== DIRECTIONS ==
Leaving pictures out, repeat word for word the line that has "A yellow off-road" and each line that follows it to the end of the listing.

(DATA PROVIDED Opens)

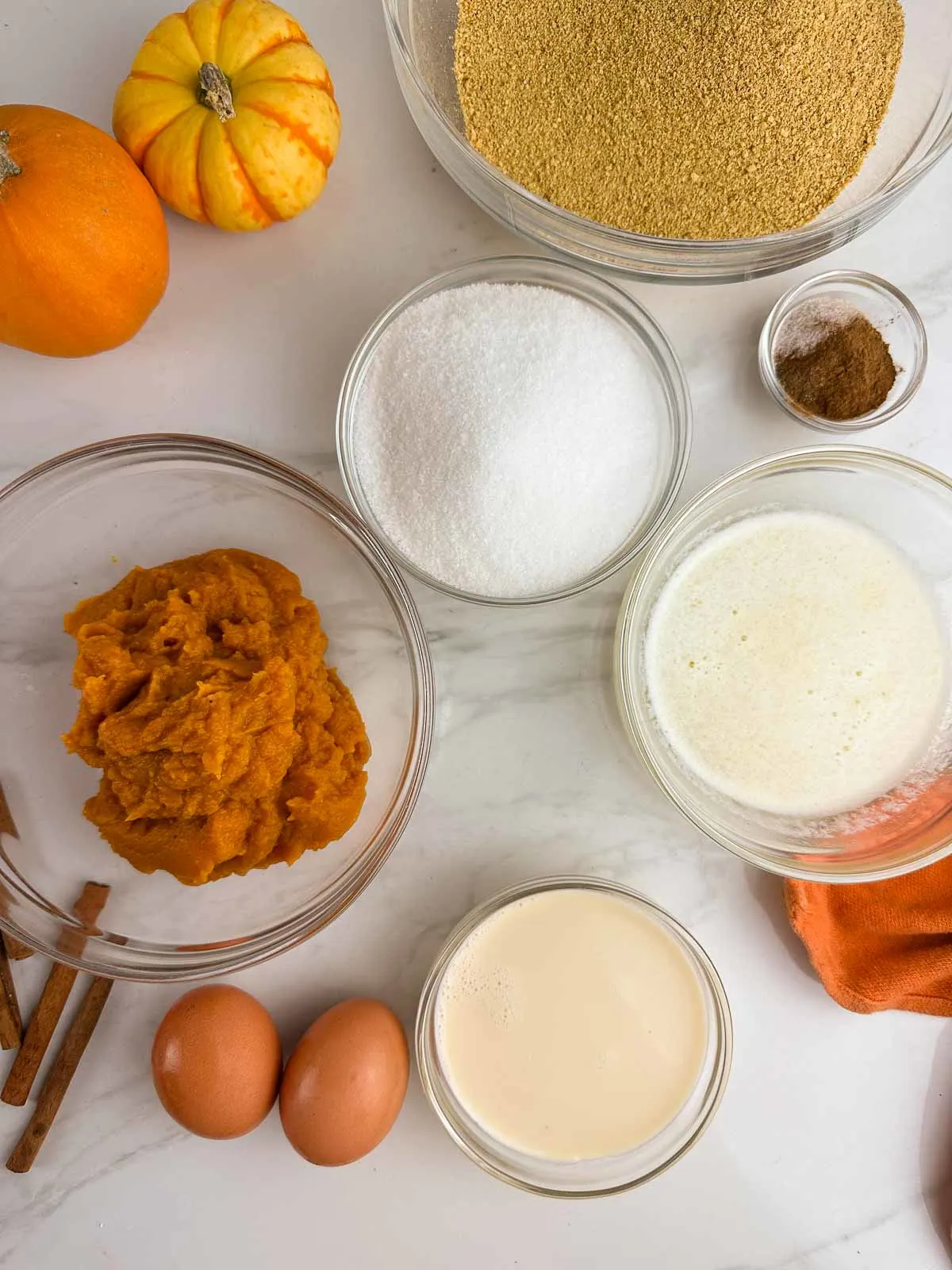 Ingredients for pumpkin pie with a graham cracker crust: graham cracker crumbs, sugar, spices, melted butter, pumpkin, evaporated milk, and eggs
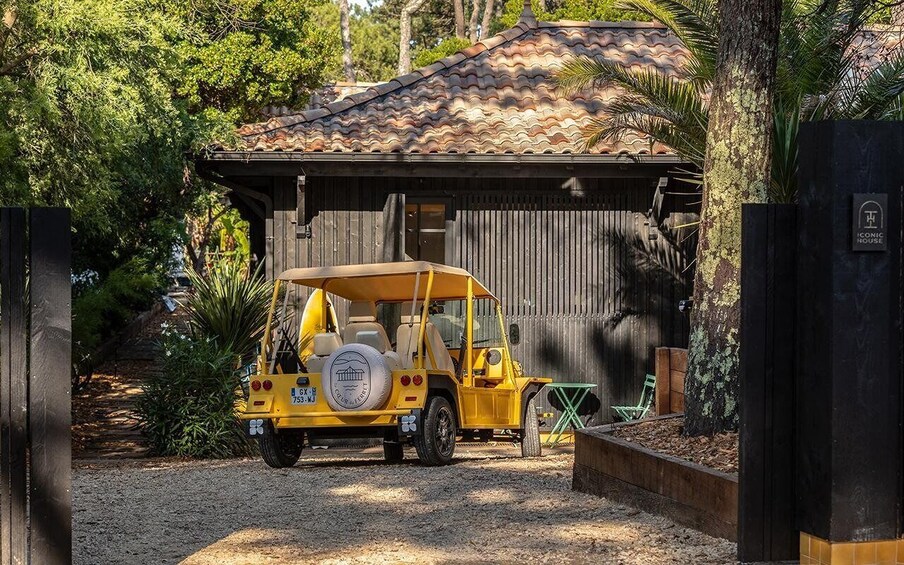 A yellow off-road vehicle parked in front of a rustic building with a tiled roof, surrounded by lush greenery. 3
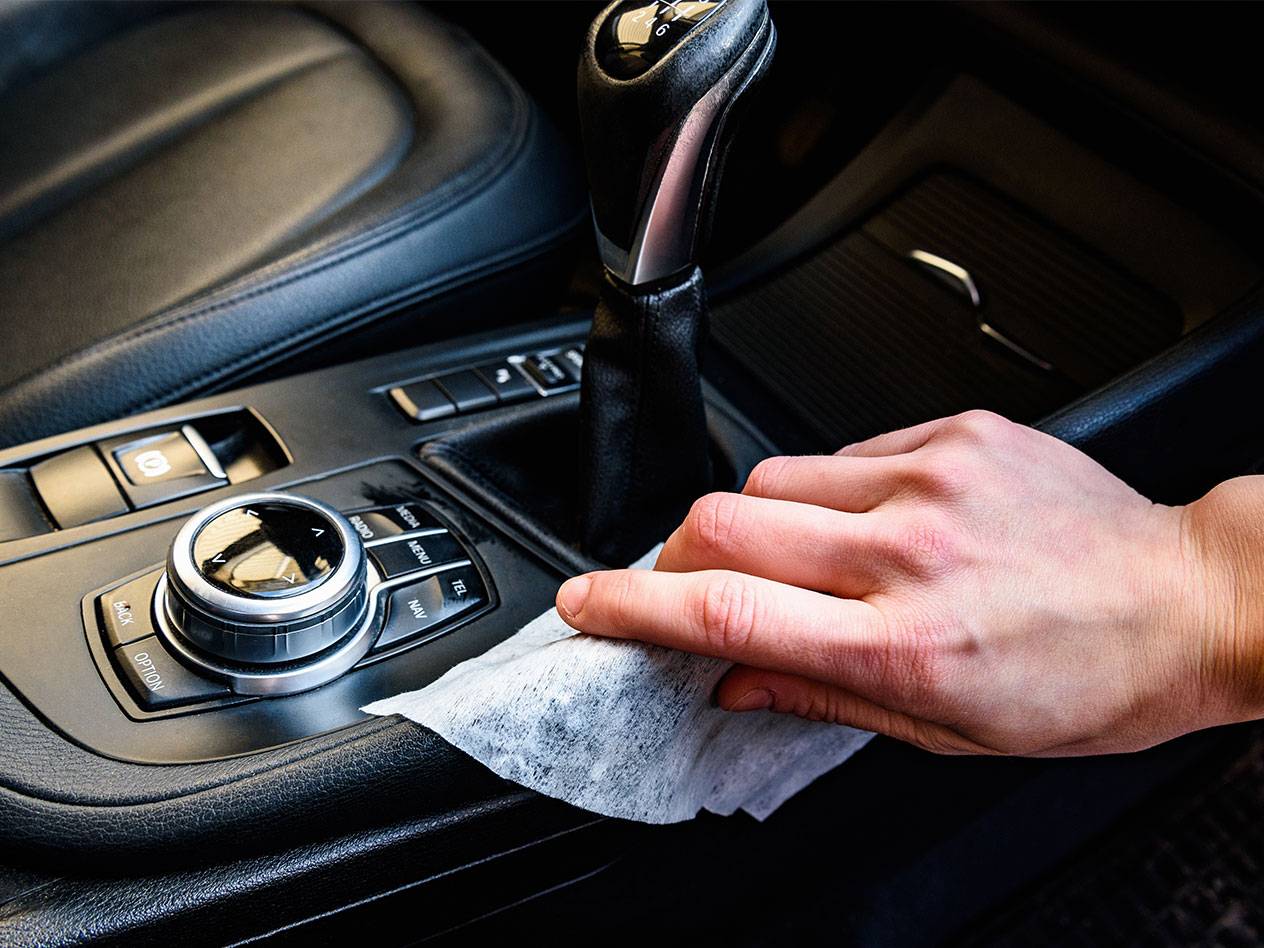 Main nettoyant l'intérieur d'une voiture avec une lingette humide.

(DATA PROVIDED Closes)

== SOLUTION TO THIS PROBLEM ==
 A yellow off-road vehicle parked in front of a rustic building with a tiled roof, surrounded by lush greenery. 3
 Main nettoyant l'intérieur d'une voiture avec une lingette humide.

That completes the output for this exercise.